The Cedar River approached 22 ft. in the city Tuesday morning, on its way to a crest of 23 ft later in the day, according to National Weather Service predictions. The water was causing major flooding already, with a growing list of streets and highways being shut down
The city laid some 250,000 sandbags in preparation of Tuesday's crest, constructing 10 miles of temporary levees around low-lying areas of the city.
"Residents are reminded that 16 feet is considered major flooding, and the river is predicted to crest at 23 feet," city officials warned. "Temporary flood control measures have been constructed over the last 2-3 days in an effort to contain rising water, but are no guarantee of safety."
"We have seen the system working," mayor Ron Corbett told KCRG, a local ABC affiliate. "We built this [barrier] to 26 feet... so it isn't an issue of the water going over the temporary system. It's really more of pressure over a 48-hour period that we're worried about a breach or a compromise in the system."
Even as the mayor praised the city's preparations, he warned about the lingering danger of the floodwaters.
About 1,400 homes and 400 business could be inundated if the temporary flood wall fails, the Des Moines Register reported. A breach in the barrier could send a dangerous surge of water streaming into the city.
"The crest is the peak but the river is going to fall slower than it has risen," Corbett said. "So really we have this critical period now. If we can get through this, if the system works, we will have saved Cedar Rapids from the second largest disaster in our community's history."

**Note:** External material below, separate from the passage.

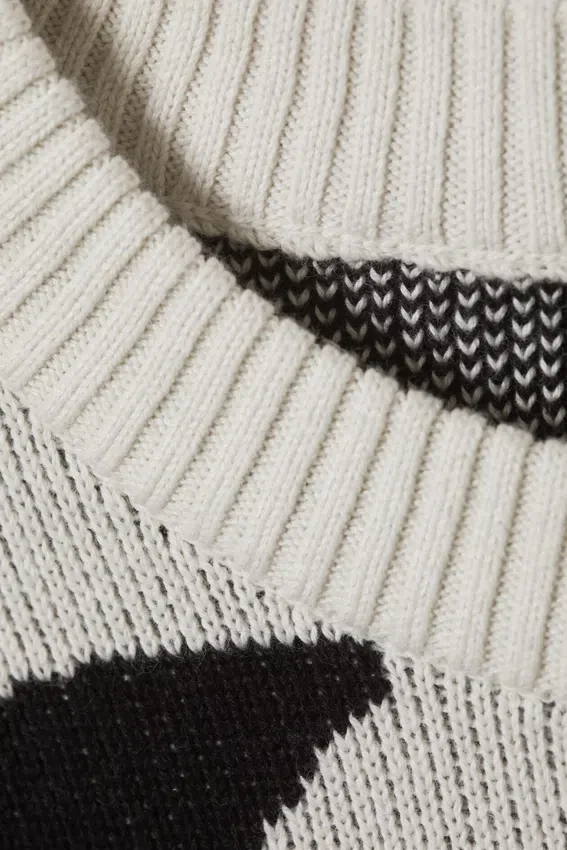 Boxy Graphic Jacquard Sweater – Dirty White – Square Pattern Boxy Graphic Jacquard Sweater – Dirty White – Square Pattern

Members of Iowa's National Guard arrived in the city on Monday to assist in the flood preparations, KCRG reported. Guardsmen helped police patrol evacuated areas, and enforce an 8 p.m. curfew.
Col. Greg Hapgood of the Iowa National Guard told KCRG the hard lessons from 2008's disaster helped bring about a higher level of preparedness.
"2016 is a totally different year," he said. "The water is not nearly as high. The city of Cedar Rapids has done an amazing job preparing for it. They are so far ahead of this particular flood than 2008, when they were trying to play catch up."